Moms

Today is Mother's Day... Or maybe it was Mother's Day.  Mostly Mother's Day is a Hallmark Holliday where people buy flowers and candy and cards for their moms and think nothing else of it.  It's actually a pretty lame holiday in that respect.  Worse, the woman who invented the holiday spent the rest of her life trying to get rid of it.  That's pretty depressing, huh?


But, with the holiday coming up, I realized something... there aren't that many moms in fiction.  I mean, they're there, but they're hardly main characters.  Heck, Disney hates moms so much; it kills them.  When Disney does sequels where the main characters are older, I'm pretty sure Little Mermaid II: Return to the Sea is the closest of those sequels to having the mom as a main character and she has to play second fiddle to her daughter the whole time.

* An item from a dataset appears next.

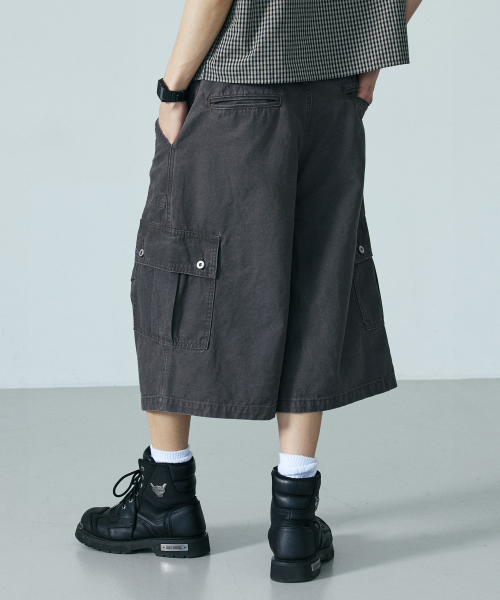 Washed Cotton Wide Cargo Bermuda Pants [Charcoal] thumbnail 3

Horror has a lot of moms, but not fantasy.  Horror has expecting mothers, new mothers, mothers of young children (between one and five), older children (five and older).  Horror loves mothers.  It loves to scare the bejesus out of them.  Then again, parents have a lot of adult fears that last quite a while and can affect anyone with the ability to empathize.


So, if you aren't a sociopath, you'll watch a horror movie about a mom and get scared with her.


YEAY!


However, fantasy and scifi, from what I've seen, isn't big on moms.  Mom's aren't allowed to go off on a trip to fantasyland unless they put themselves into some sort of groundhog day loop where they don't really leave the children the whole time or something stupid like that.


Fantasyland doesn't mind fathers, you'll find.  Mom has to stay home with the baby, but Dad's having trouble with being a father and Mom's just sooo unreasonable now that she's pregnant and moody, dying, whatever.  So Dad gets to go off to fantasyland and have his fun while mom stays behind pregnant with five children, and probably grouchy.  And of course, the grouchiness is completely uncalled for.  Obviously the woman is an utter shrew.

Insert. Eyeroll. Here.

So why doesn't Scifi/Fantasy have any love for moms?  It likes everyone else.  It really does.  It occasionally likes pregnant girls... because they're giving birth to The Chosen One.  It liked moms enough to have them be part of the cast of characters of the Dune Franchise.  However, I won't say that fantasy or scifi likes moms until I see at least five books about mom's going on an adventure in fantsyland and will they ever get back or a mom who goes on a science fiction adventure or something related.


I mean, the conflict of the story would be quite interesting.  And I have one question for you:  Why the bloody hell can't mom's be main characters in science fiction and fantasy?